From the records below, copy each line in which the string "stands" occurs.

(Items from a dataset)
•••••
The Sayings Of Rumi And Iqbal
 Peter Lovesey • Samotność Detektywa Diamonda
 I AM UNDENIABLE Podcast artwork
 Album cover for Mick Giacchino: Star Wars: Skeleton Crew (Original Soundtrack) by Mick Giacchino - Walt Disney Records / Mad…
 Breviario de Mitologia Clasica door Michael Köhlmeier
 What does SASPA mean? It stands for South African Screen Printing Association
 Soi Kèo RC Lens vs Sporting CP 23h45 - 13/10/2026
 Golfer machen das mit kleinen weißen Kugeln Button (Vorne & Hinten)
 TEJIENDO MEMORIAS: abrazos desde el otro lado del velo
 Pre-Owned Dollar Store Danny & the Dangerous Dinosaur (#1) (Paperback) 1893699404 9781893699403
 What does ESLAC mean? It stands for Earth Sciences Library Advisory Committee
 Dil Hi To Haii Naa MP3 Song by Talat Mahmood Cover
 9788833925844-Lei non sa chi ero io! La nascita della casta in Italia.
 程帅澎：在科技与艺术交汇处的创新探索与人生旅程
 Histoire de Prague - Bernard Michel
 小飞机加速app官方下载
•••••
*Written answer:*
 What does SASPA mean? It stands for South African Screen Printing Association
 What does ESLAC mean? It stands for Earth Sciences Library Advisory Committee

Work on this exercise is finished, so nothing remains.